[Source data]

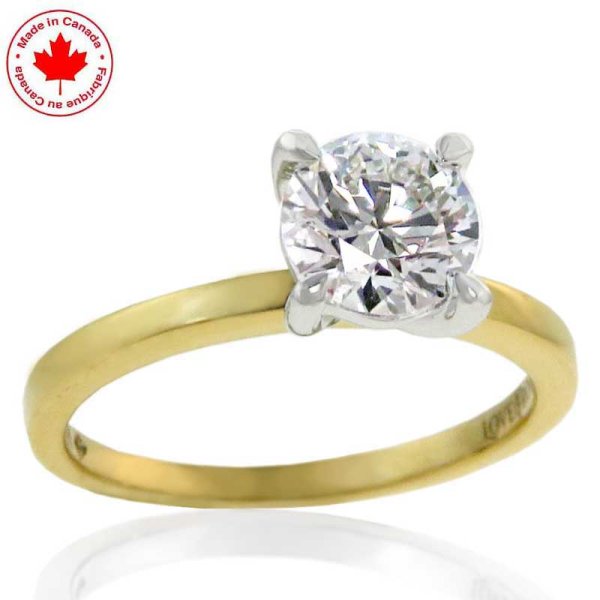 1.00ct Round Brilliant Diamond Solitaire Ring in 14K Yellow Gold - Click Image to Close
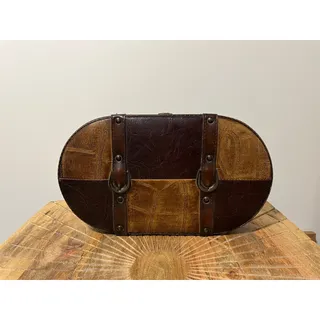 Photo of Vintage Faux Leather Decorative Oval Box/Trunk/Home Decor Piece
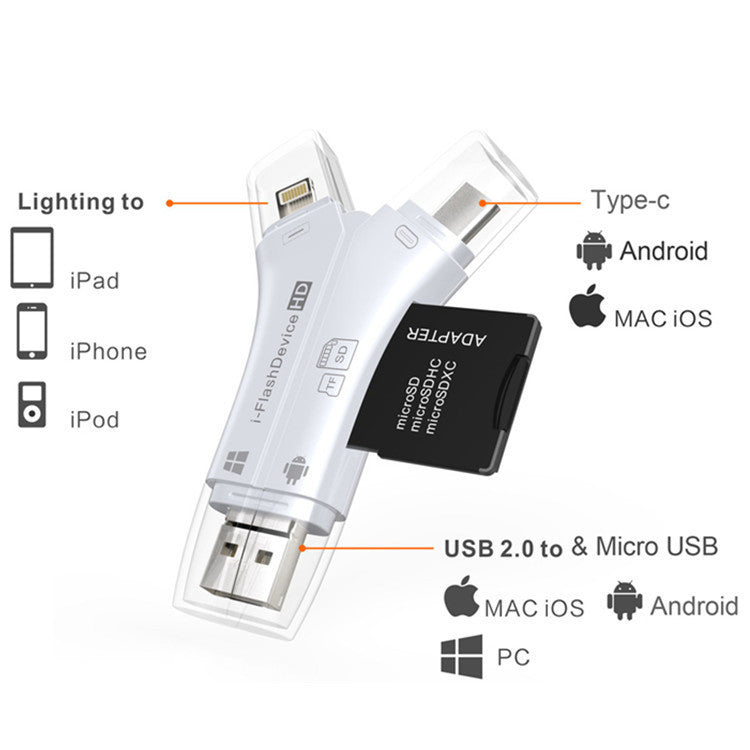 Lector de Tarjetas para Teléfono Móvil TF SD Multifuncional Cuatro en Uno Universal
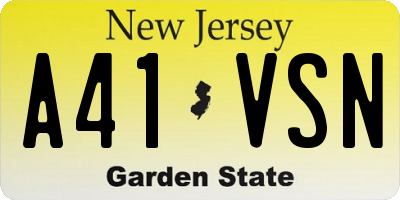 NJ license plate A41VSN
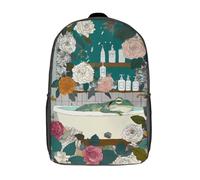 Sac à dos scolaire pour filles, motif floral grenouille, idéal pour une escapade relaxante. Sac à dos imprimé en 3D, léger et décontracté, parfait pour les collégiennes et collégiens (43 cm).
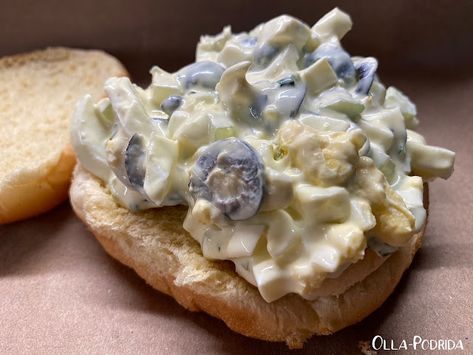 Olla-Podrida: Egg Salad with Herbs, Capers, and Black Olives Egg And Olive Salad, Salad With Herbs, Keto Egg Salad, Proper Tea, Mayo Sandwich, Capers Recipe, Olive Salad, Egg Salad Sandwiches, Ideas For Food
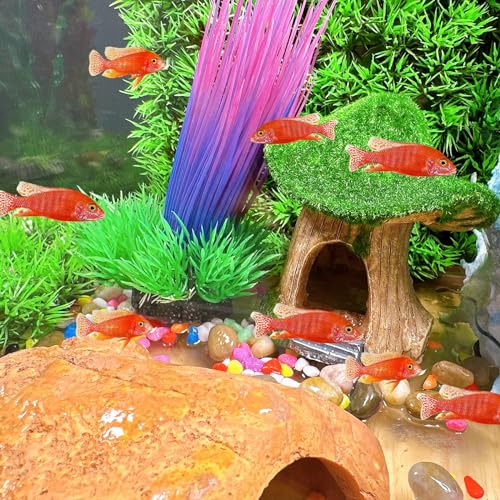 Aquarium Decoration House Resin Hollow Hideout House Moss Cave Betta Fish Log Ornament Tank Hideaway Accessories for Mini Small Fish Shrimp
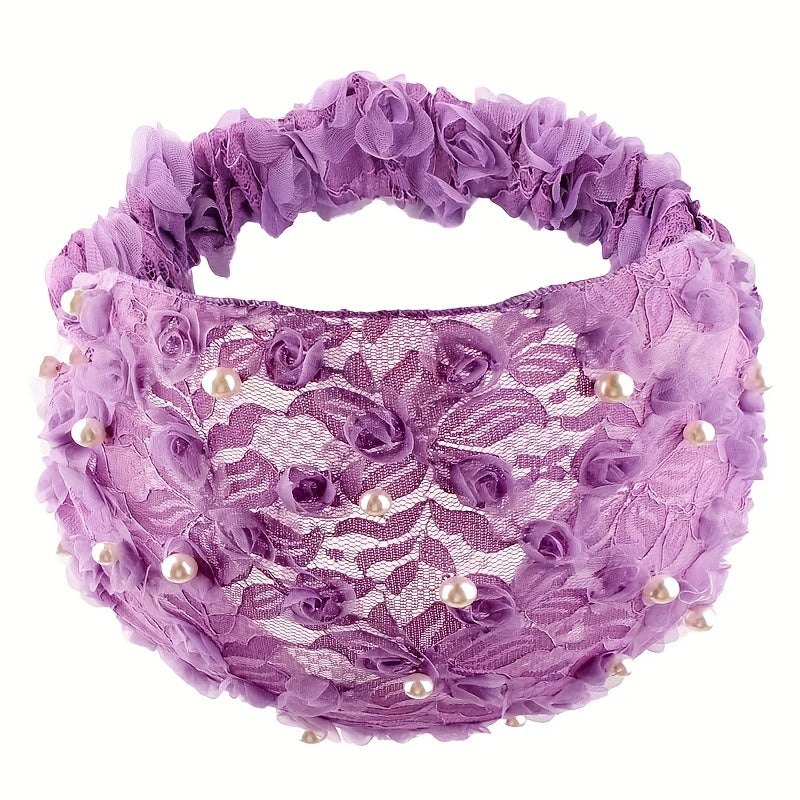 Faux Pearl Wide Brim Elastic Headband Women's Non-Slip Hair Cover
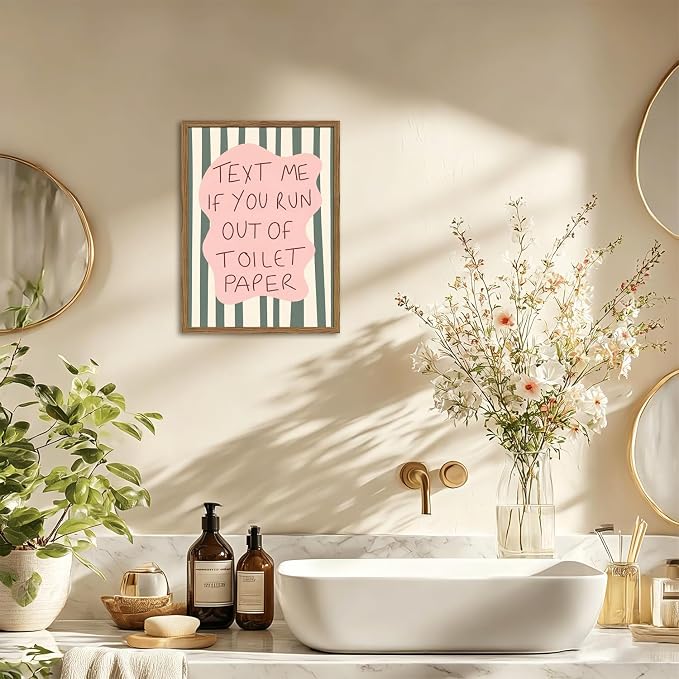 Funny Bathroom Quote Sign Wall Art Text Me If You Run Out of Toilet Paper Bathroom Wall Decor Cute Stripe Quotations Restroom Poster Canvas Print Picture 12x16 inch Wood Framed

--- Exercise aim ---
The lines to be quoted run from the line containing "Olla-Podrida: Egg Salad" through the end of the entries above, both included; quote them exactly and leave out any pictures.

--- Completed exercise ---
 Olla-Podrida: Egg Salad with Herbs, Capers, and Black Olives Egg And Olive Salad, Salad With Herbs, Keto Egg Salad, Proper Tea, Mayo Sandwich, Capers Recipe, Olive Salad, Egg Salad Sandwiches, Ideas For Food
 Aquarium Decoration House Resin Hollow Hideout House Moss Cave Betta Fish Log Ornament Tank Hideaway Accessories for Mini Small Fish Shrimp
 Faux Pearl Wide Brim Elastic Headband Women's Non-Slip Hair Cover
 Funny Bathroom Quote Sign Wall Art Text Me If You Run Out of Toilet Paper Bathroom Wall Decor Cute Stripe Quotations Restroom Poster Canvas Print Picture 12x16 inch Wood Framed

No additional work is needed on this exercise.